掲載日:2019年09月18日 プロが造るカスタム
取材協力/弥生
取材・写真・文/ガスグラフィックス
鮮やかなピンクとマットブラックのコントラストが印象的な3型TMAXは、ヘッドライトなどを見れば分かるように、完全にサーキット専用車として作りこまれている。サーキット用と聞くと、サスペンションやホイール、ブレーキまわりなどに高額なパーツが装着されているように思われるが、この車両はホイールがノーマル。ブレーキはメッシュホースを装着したのみ。フロントサスは5mmだけ車高を上げ、イニシャルアジャスターを装備。リアサスはBPM製を装着しているが、基本的にはそれだけ。ハンドルもカバーを外したノーマル。見えない部分では、吸排気系と駆動系はもちろん交換されているが、逆に言えば、ほぼそれだけしか施されていないライトチューン仕様となる。
しかし、驚くべきことは、この仕様で筑波サーキットコース2000、鈴鹿サーキットでのTMAXでのベストタイムを記録している点にある。

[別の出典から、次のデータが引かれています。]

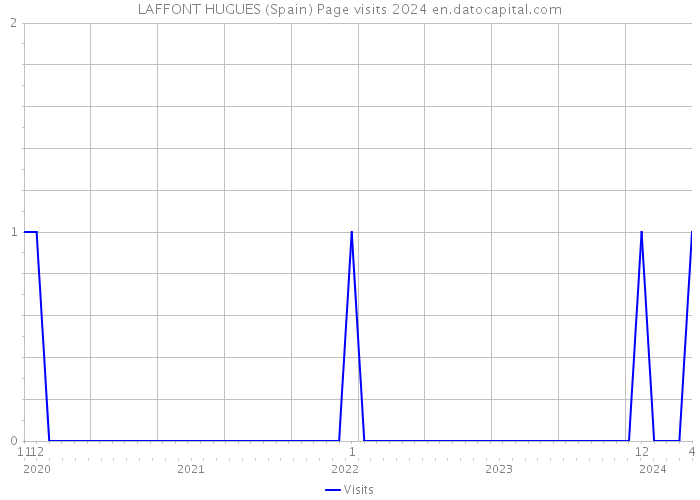 LAFFONT HUGUES (Spain) Page visits 2024 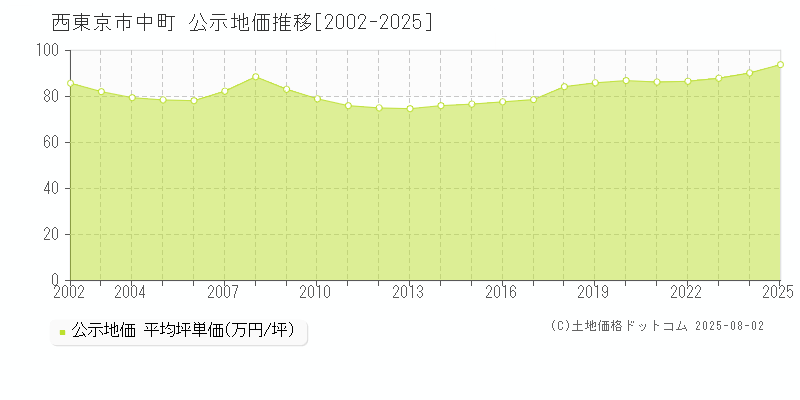 西東京市中町の地価公示推移グラフ 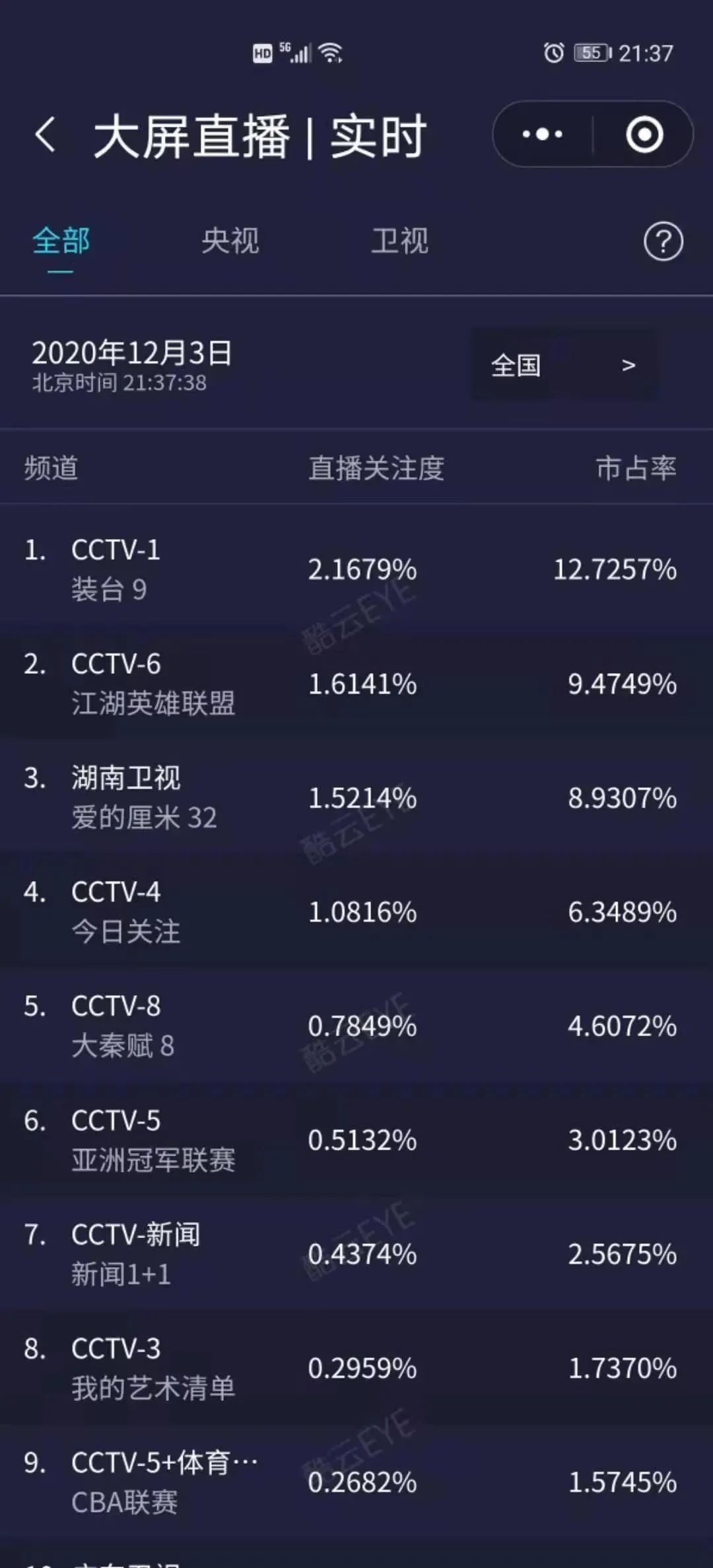 群星人口组装代码_人口老龄化图片(3)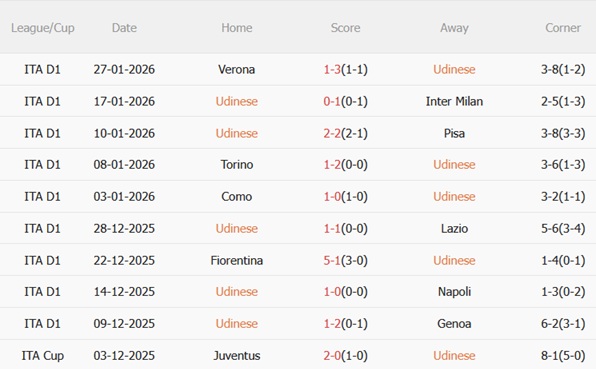 Nhận định Udinese vs Roma (02h45 ngày 32) Vượt ải Friuli 4 Nhận định Udinese vs Roma (02h45 ngày 32) Vượt ải Friuli 4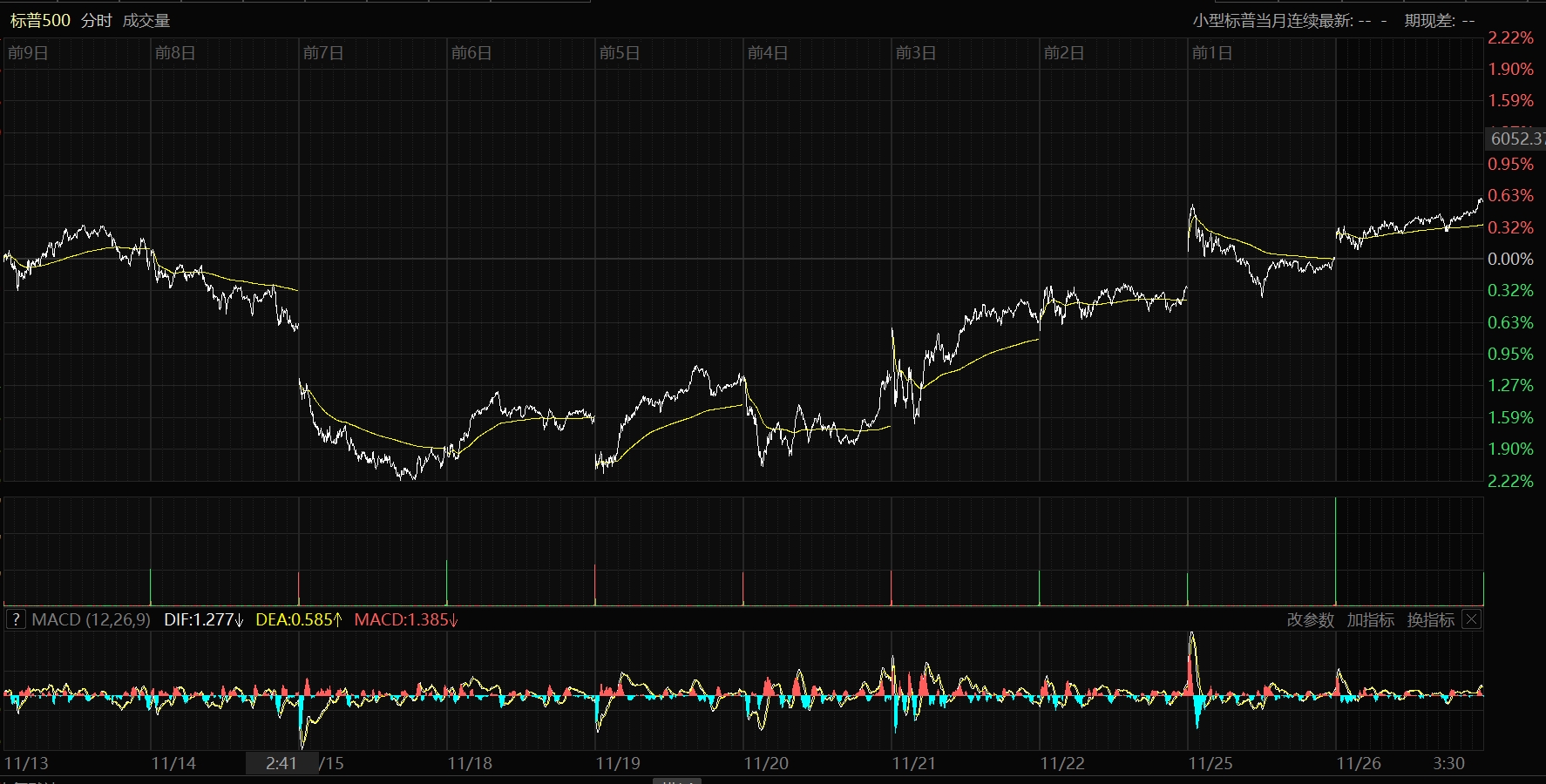 财政部拟发行2025年记账式贴现（一期）国债（28天）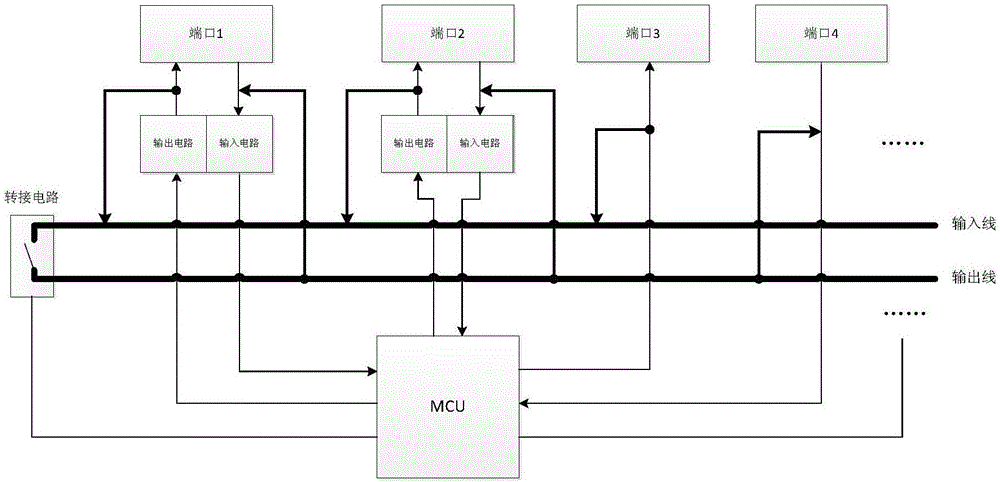 Port fault detection circuit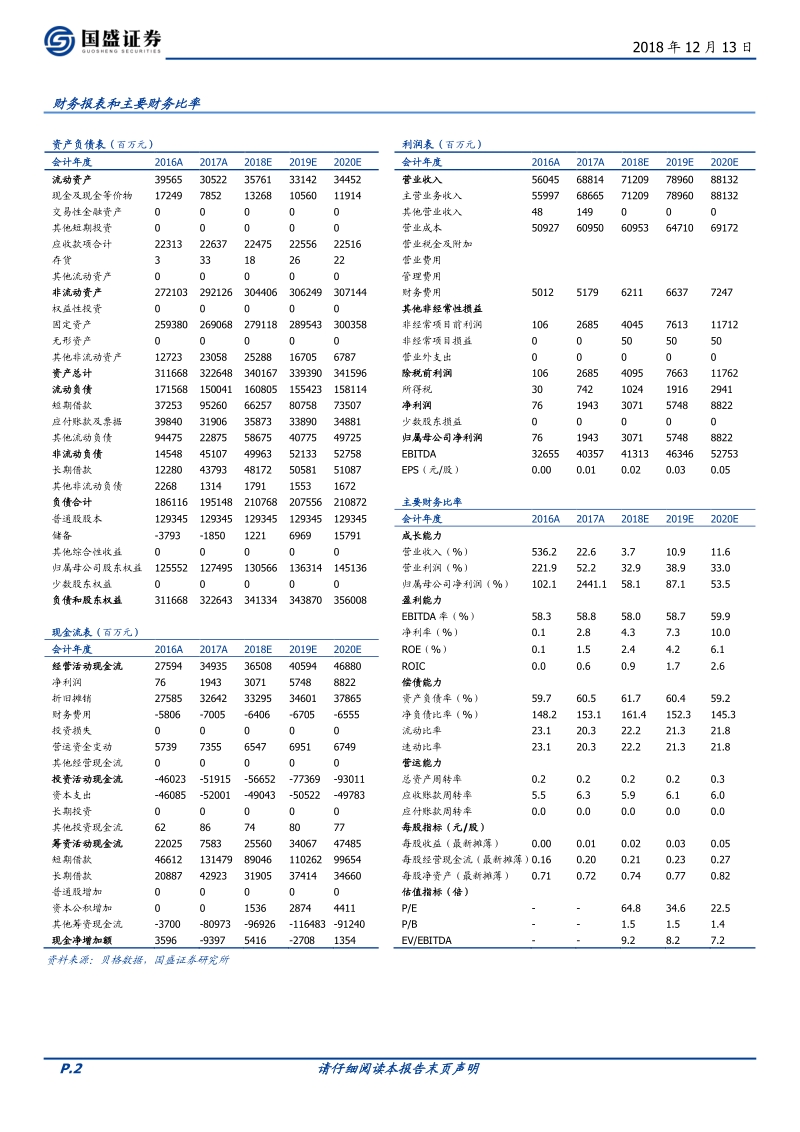 中国铁塔：5G加速，基建王者先行.pdf_第2页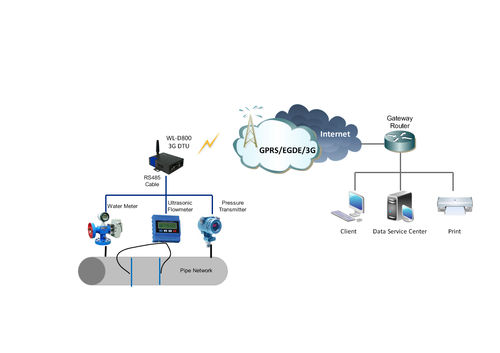 Sistema de supervisión a distancia - Shenzhen Wlink Technology Co., LTD - de presión / de caudal / de agua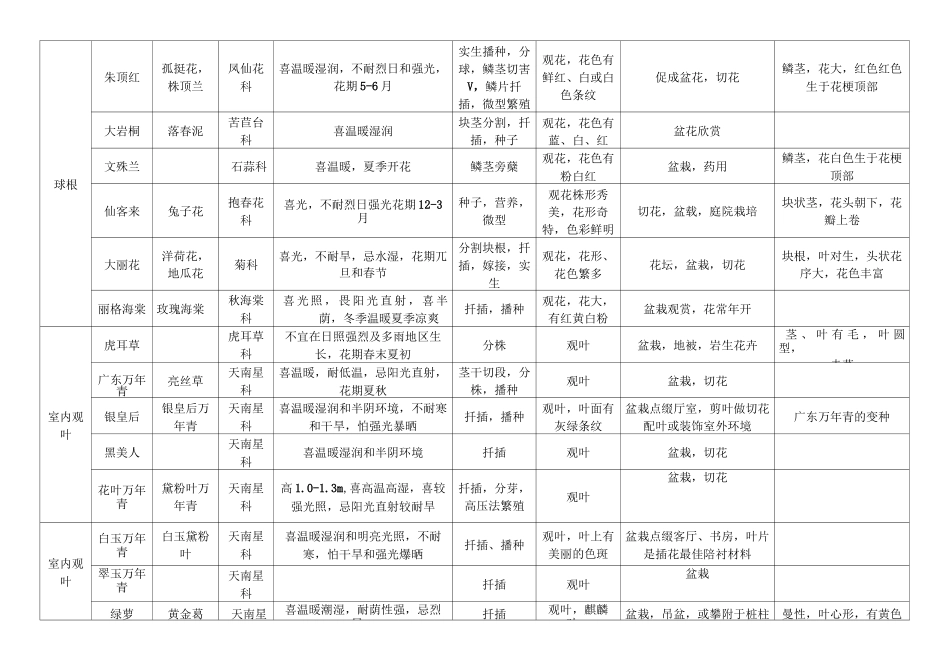 常见花卉习性一览表_第3页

ライダーの技術があれば、TMAXの基本性能を伸ばすこれだけのチューニングで、必要にして充分な結果を得られることを証明しているのだ。オーナーはストリートからサーキットまで、ずっとTMAXにこだわって何台も乗り続けた経験を持つ。その経験値が、TMAXの素性を理解し、ミニマムのパーツチョイスで、マックスの性能を引き出す術を理解しているわけだ。
この3型TMAXが発売されていたのは、2008年から2013年前半まで。すでに、2世代前のモデルだけに、中古車の価格もかなりお手頃になっている。しかも、人気車両だっただけに車両探しも苦労することはない。スクーターで速さを楽しみたいユーザーにとって、この3型は注目されるべき存在なのかもしれない。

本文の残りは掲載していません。